*** Block opens ***
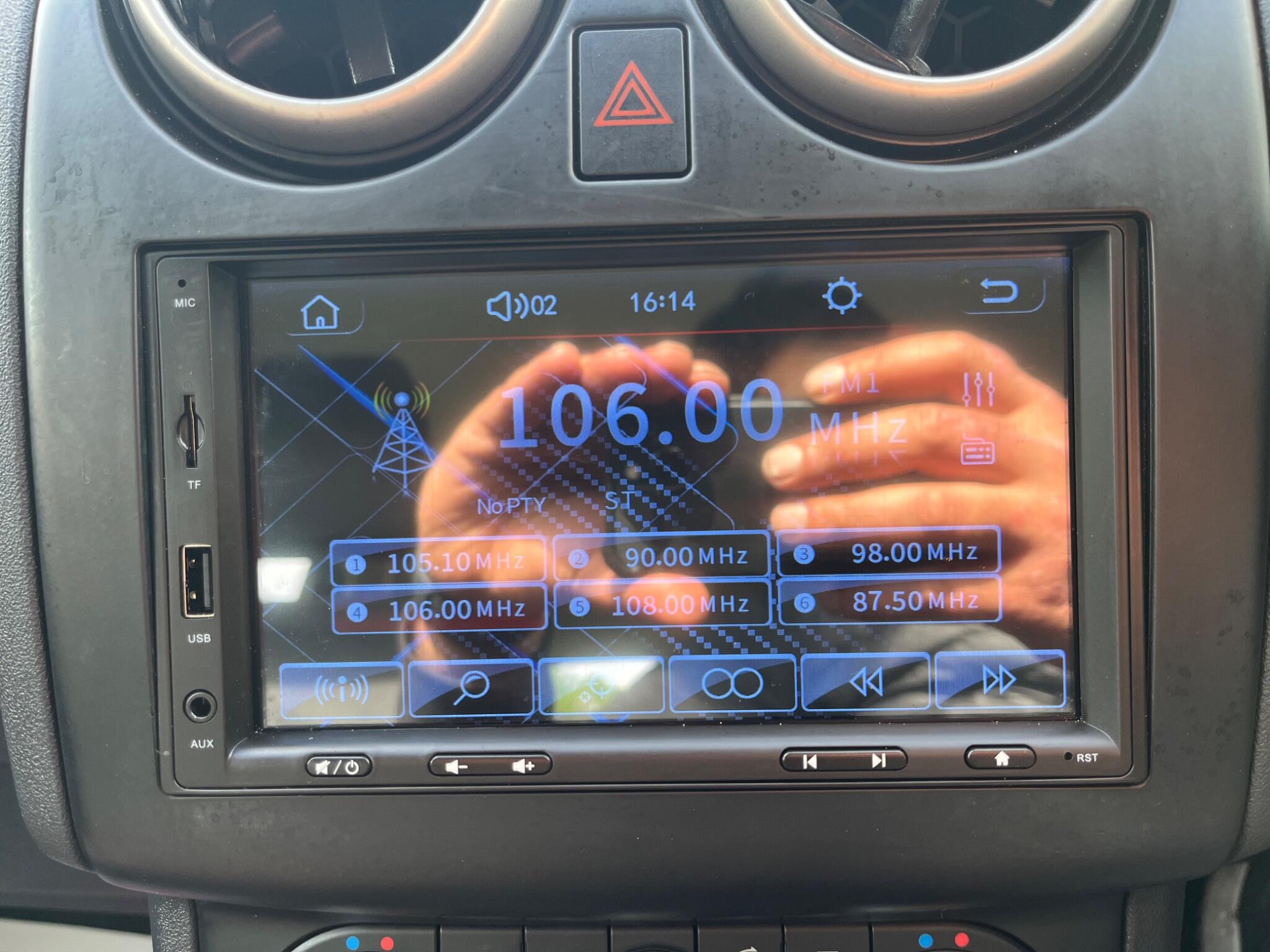 Nissan Qashqai - Image 33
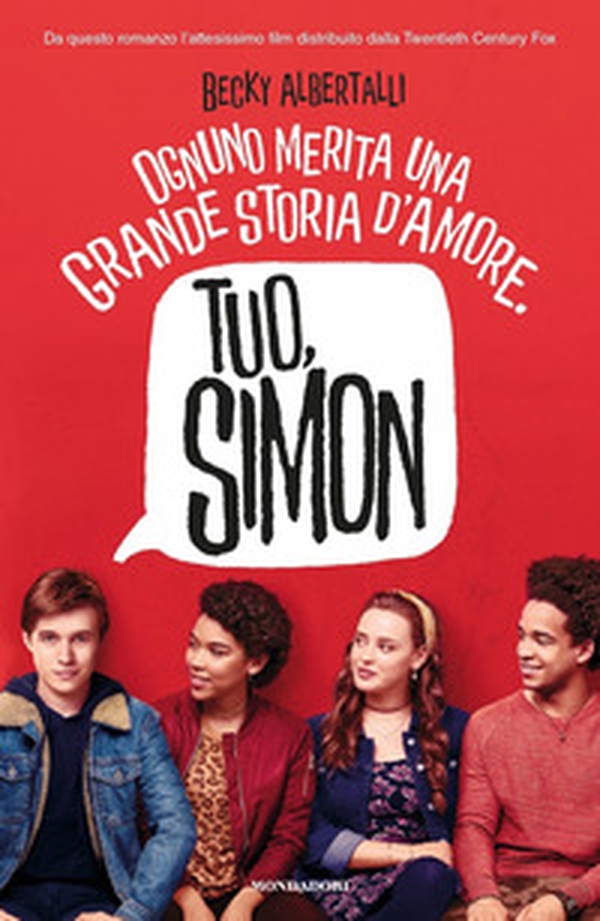 Tuo, Simon - Librerie.coop Tuo, Simon - Librerie.coop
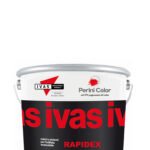 RAPIDEX IVAS Smalto a rapida essiccazione
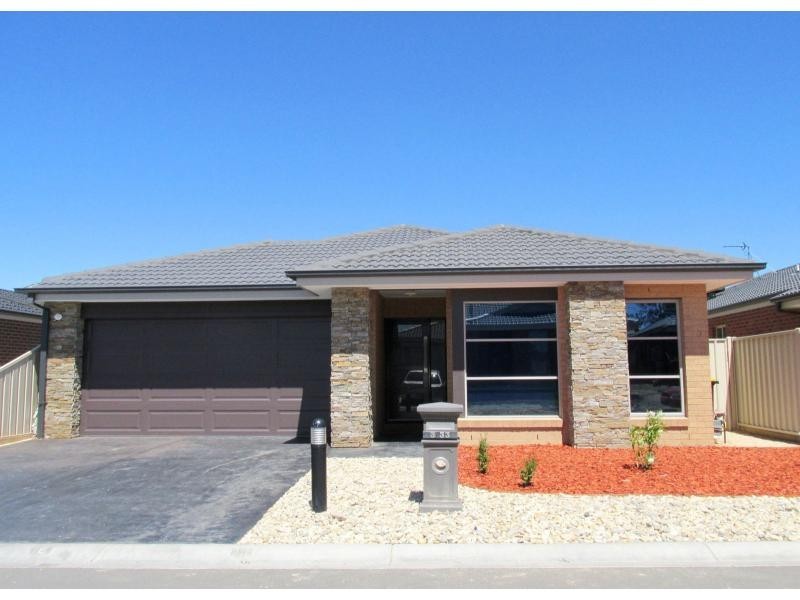 3/33 Strickland Road, East Bendigo VIC 3550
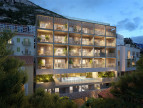 vente Appartement Cap D'ail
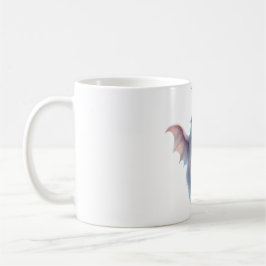 Spooky Halloween T - Shirt - Funny Ghost Kaffeetasse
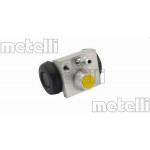 METELLI Radbremszylinder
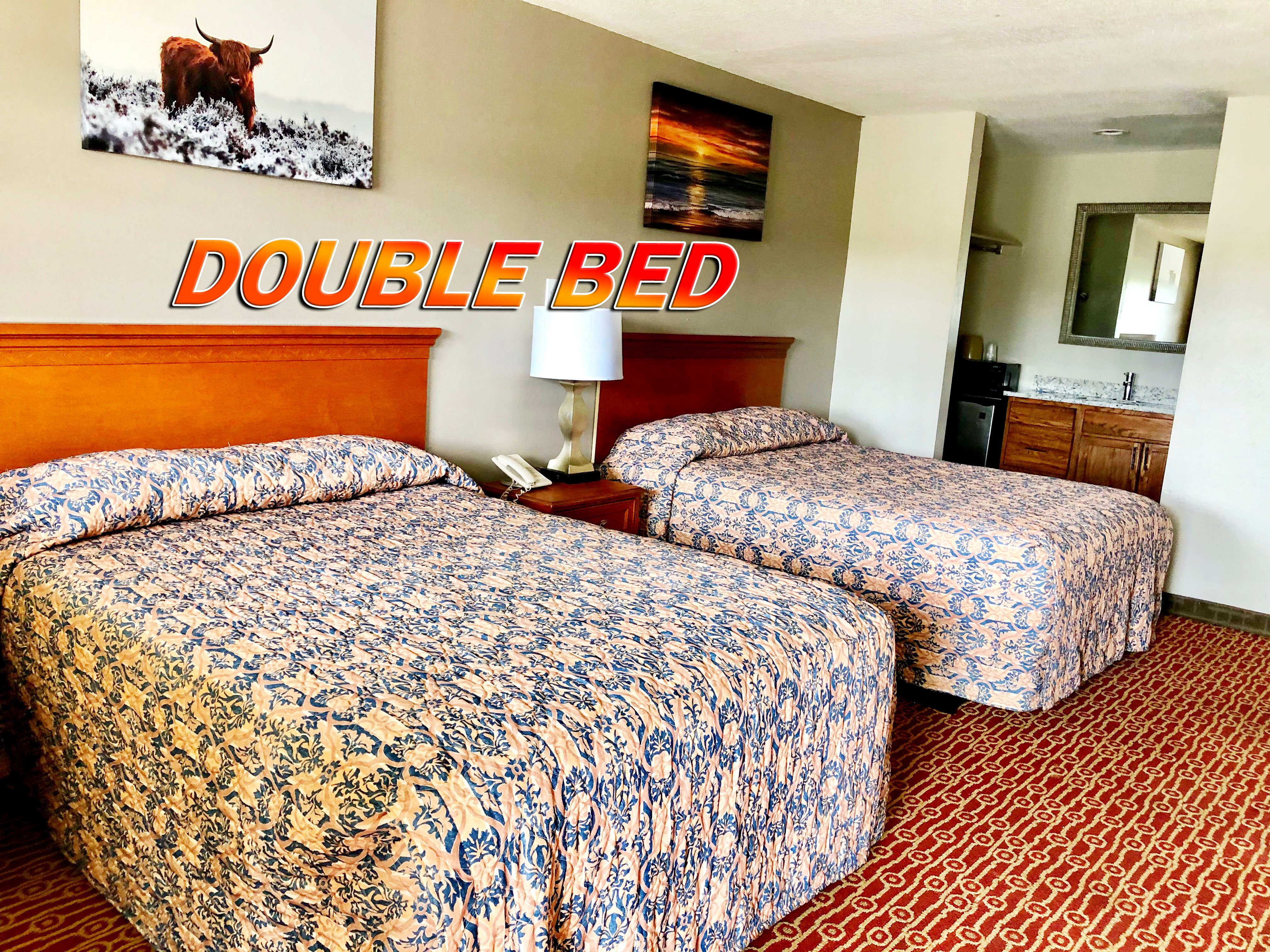 Magnolia Motel Donaldsonville-官方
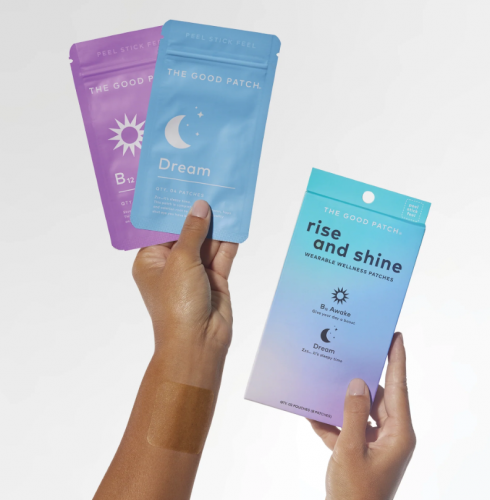 Rise & Shine | Set of 2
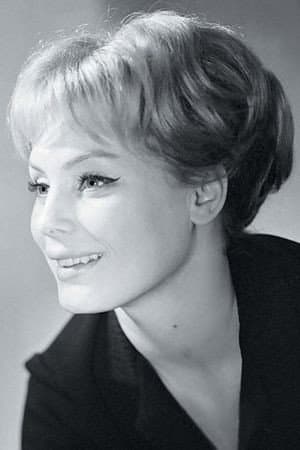 Alla Budnitskaya profile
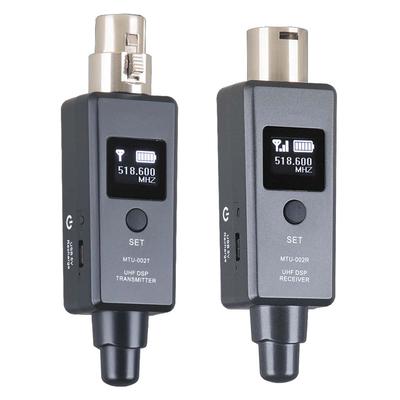 Audio- & Videozubehör – Audio-Adapter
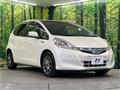 2013 Honda Fit Hybrid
*** Block closes ***
__Requirement__. All pictures are to be skipped. Output, word for word, the lines in the data above starting at the line containing "RAPIDEX IVAS Smalto a rapida essiccazione" and ending at the line containing "Audio- & Videozubehör – Audio-Adapter".

__Solved exercise__.
 RAPIDEX IVAS Smalto a rapida essiccazione
 3/33 Strickland Road, East Bendigo VIC 3550
 vente Appartement Cap D'ail
 Spooky Halloween T - Shirt - Funny Ghost Kaffeetasse
 METELLI Radbremszylinder
 Magnolia Motel Donaldsonville-官方
 Rise & Shine | Set of 2
 Alla Budnitskaya profile
 Audio- & Videozubehör – Audio-Adapter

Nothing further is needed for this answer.